Rooting a tree: before and after (note the branch lengths are not to scale; EMBL-EBI).
  • branches: show the path of transmission of genetic information from one generation to the next. Branch lengths indicate genetic change (the longer the branch, the more genetic change/divergence has occurred). Typically, the extent of genetic change is measured by estimating the average number of nucleotide or protein substitutions per site.

Representing branch lengths on a phylogeny using labels (left) and a scale bar (right; EMBL-EBI).
  • topology: the branching structure of a tree, which indicates patterns of relatedness among taxa (trees with the same topology and root have the same biological interpretation)

Examples of trees with the same (top) and different (bottom) topologies (EMBL-EBI).
  • bootstrapping: within phylogenetics, an approach to estimate confidence in a phylogeny’s topology

Why do we care about phylogenies?

Phylogenies help us understand how genes, organisms, and genomes evolve. In the public health arena, phylogenies are one of the most important tools we have to help us understand how pathogens evolve (e.g., where they came from, how they spread, how they are transmitted between hosts, if they are responsible for outbreaks, illnesses, or infections). These insights are critical for informing public health policy.

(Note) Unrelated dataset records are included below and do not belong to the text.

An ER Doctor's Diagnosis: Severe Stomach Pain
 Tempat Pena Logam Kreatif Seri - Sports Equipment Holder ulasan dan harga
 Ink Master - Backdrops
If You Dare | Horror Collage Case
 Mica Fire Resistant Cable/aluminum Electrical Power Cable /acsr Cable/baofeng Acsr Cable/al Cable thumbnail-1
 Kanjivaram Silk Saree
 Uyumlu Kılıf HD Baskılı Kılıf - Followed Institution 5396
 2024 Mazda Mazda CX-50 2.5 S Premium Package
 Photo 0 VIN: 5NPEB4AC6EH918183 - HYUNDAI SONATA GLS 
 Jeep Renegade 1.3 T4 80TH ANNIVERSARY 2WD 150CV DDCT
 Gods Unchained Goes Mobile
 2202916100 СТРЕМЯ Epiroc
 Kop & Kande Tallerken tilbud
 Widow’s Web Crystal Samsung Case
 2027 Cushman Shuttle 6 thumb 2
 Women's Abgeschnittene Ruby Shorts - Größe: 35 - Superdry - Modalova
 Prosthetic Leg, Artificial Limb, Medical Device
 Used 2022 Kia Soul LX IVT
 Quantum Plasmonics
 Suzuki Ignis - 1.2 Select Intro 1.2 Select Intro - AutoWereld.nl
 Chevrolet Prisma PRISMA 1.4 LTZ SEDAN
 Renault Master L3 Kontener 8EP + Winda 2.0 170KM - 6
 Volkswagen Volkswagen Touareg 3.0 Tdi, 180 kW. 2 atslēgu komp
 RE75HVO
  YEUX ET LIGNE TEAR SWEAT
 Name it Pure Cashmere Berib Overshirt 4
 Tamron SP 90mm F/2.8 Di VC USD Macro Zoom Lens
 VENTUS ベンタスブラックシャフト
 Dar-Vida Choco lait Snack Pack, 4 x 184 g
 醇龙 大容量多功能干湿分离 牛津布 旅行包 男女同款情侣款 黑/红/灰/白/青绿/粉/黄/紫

Core SNP distances and average nucleotide identity (ANI)-based distances that we saw in previous modules only explain genomic distance and not necessarily evolutionary distance, though they are related. Phylogenies can provide us with evolutionary relationships about our sampled genomes which the genomic-distance based metrics alone cannot. For example, during the coronavirus disease 2019 (COVID-19) pandemic, phylogenomic methods have been critical for understanding the transmission, epidemiology and spatial dispersal of severe acute respiratory syndrome coronavirus 2 (SARS-CoV-2).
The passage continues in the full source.